The Emissary retreated from the dais, resumed his place at the fore of his voiceless companions. "And why should the False Men lend their strength to the True?"

"Because of Hanalinqu," the Holy Aspect-Emperor of the Three Seas declared. "Because of Cu'jara Cinmoi. Because four thousand years ago, all your wives and daughters were murdered... and you were cursed to go mad in the shadow of that memory, to live forever, dying their deaths."

Nin'sariccas bowed yet again, this time deeper, yet still far short of honouring jnan.

"If you retake Dagliash," he said. "If you honour the Niom."

- - As he had every morning since the Battle of the Horde, Sorweel awoke before the Interval's toll. He lay aching in his cot, more pinched than warmed by his woollen blanket, blinking at the impossibility of his straits. Other than a residue of warmth that made cold dismay of his every waking, nothing sensible remained of his dreams. He knew only that he dreamed of better places. He could only dream of better places.

Zsoronga lay on his side as he always did, one arm thrown askew, his face the image of boyish bliss.
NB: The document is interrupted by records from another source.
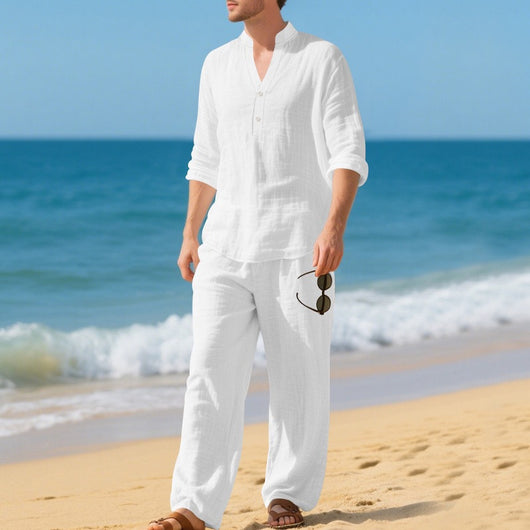 Conjunto de Pantalón y Camiseta Henley Suelta Transpirable para Hombre - Ropa de Playa Casual - Image 45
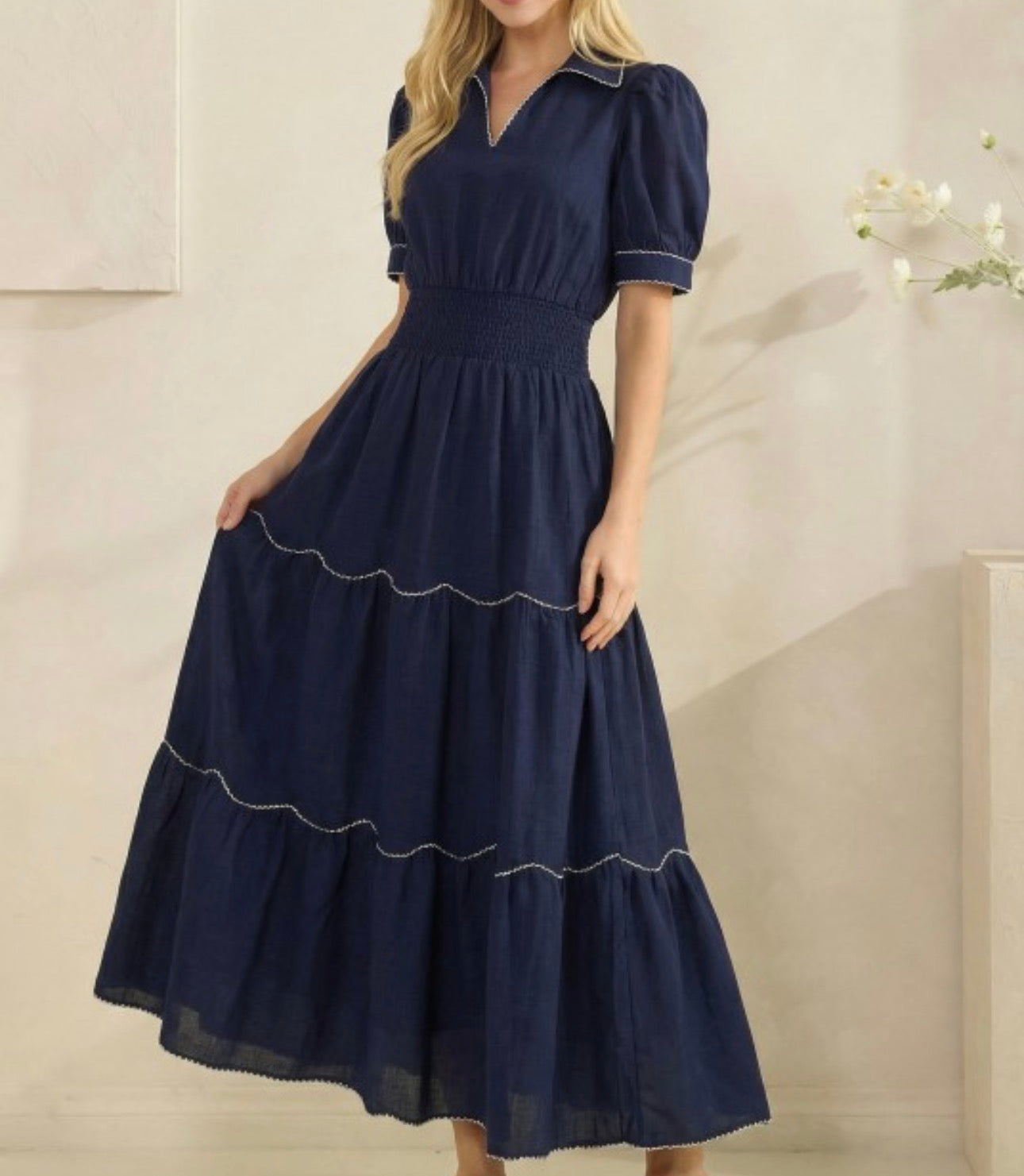 Navy Tiered Maxi Dress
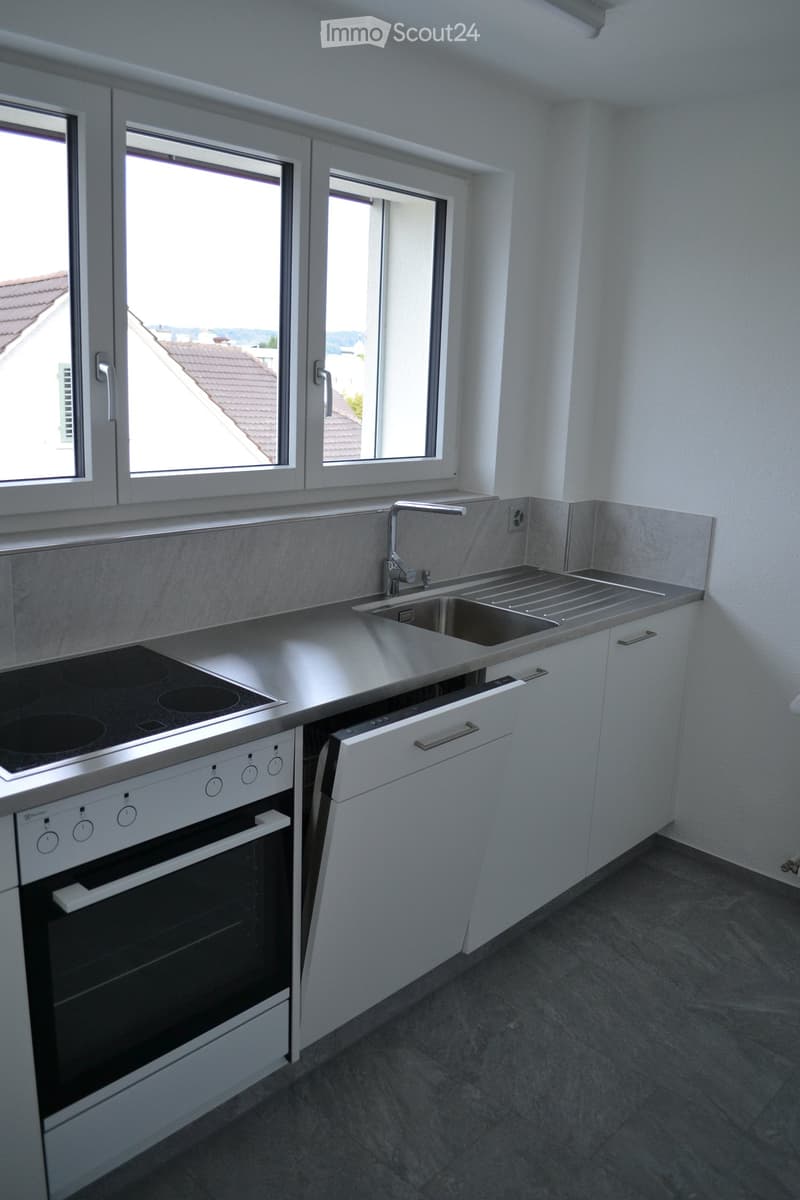 Modern kitchen with white cabinets, stainless steel sink, induction cooktop, and built-in oven. Large windows provide natural light.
Sorweel regarded him for a bleary moment, thinking as he often thought that the man's future wives would love him best like this, in the innocence of his mornings. The young King crept from his cot, fumbled with his gear in the dawning pallor, then slipped outside so as to not disturb his brother from Zeum.

He savoured the chill of breathing open sky, rubbed his bearding chin as he gazed out across the encampment. He felt the clamour to come, the rousing of thousands about him, and the warring of doubts within. Another day marching with the Great Ordeal. The discomfort of long watches in the saddle. The ligatures of sweat. The ache of perpetual squinting. The anxiousness of the accumulating Horde. And for a fleeting moment, he knew the peace of those first to awaken-the gratitude that accompanies solitary lulls.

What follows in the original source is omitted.